**Activity**.
Every line of the records that contains "Photo" should be tallied, and only the resulting number returned.

**Data extract**.

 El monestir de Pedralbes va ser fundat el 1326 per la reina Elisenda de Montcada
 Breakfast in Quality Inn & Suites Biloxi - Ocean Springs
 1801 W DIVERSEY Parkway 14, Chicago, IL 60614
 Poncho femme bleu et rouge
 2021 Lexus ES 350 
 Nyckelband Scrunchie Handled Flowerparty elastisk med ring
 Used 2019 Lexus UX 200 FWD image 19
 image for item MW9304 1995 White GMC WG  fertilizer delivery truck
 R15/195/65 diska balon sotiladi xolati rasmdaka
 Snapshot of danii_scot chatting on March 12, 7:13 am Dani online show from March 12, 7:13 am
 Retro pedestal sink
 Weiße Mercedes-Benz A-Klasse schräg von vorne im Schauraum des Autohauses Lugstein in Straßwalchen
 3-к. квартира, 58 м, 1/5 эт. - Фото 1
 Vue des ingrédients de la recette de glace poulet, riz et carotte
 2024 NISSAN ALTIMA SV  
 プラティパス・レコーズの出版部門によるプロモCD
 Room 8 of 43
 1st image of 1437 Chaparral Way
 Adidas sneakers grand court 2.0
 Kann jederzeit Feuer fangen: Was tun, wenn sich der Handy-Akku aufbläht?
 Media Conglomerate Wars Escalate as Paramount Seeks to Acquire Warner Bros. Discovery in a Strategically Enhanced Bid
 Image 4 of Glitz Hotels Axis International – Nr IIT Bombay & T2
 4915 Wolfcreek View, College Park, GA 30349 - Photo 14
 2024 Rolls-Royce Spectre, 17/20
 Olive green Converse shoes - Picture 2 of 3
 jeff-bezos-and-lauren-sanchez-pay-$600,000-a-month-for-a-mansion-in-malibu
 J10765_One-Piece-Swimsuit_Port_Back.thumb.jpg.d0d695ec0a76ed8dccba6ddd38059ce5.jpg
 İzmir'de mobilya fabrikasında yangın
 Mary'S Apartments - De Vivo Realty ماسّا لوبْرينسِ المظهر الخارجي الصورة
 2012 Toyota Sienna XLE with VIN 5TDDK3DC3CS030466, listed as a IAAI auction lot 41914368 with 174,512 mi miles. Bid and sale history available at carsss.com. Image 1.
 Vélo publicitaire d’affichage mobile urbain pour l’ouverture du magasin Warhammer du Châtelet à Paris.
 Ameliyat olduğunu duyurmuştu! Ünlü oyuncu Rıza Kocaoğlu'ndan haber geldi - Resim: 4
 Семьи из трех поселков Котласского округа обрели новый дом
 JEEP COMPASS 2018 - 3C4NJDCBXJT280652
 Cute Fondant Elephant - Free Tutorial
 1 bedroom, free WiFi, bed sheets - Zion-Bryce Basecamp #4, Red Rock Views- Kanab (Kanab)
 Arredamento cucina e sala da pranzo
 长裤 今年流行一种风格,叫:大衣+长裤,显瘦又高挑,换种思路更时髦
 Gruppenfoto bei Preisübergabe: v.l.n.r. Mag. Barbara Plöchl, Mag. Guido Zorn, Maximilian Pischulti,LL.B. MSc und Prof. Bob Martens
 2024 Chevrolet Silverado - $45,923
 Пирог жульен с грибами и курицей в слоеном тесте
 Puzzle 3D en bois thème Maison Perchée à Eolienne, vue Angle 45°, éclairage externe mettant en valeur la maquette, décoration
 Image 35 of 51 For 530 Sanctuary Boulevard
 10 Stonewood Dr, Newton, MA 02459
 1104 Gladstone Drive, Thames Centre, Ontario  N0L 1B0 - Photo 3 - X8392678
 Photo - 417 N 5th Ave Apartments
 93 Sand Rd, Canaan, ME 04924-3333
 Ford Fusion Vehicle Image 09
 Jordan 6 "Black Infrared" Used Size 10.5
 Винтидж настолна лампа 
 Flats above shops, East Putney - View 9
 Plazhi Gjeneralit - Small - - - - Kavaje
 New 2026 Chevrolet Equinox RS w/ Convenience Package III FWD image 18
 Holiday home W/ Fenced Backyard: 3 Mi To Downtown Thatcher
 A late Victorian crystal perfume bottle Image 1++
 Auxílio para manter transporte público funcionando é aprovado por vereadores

**Task output**.
3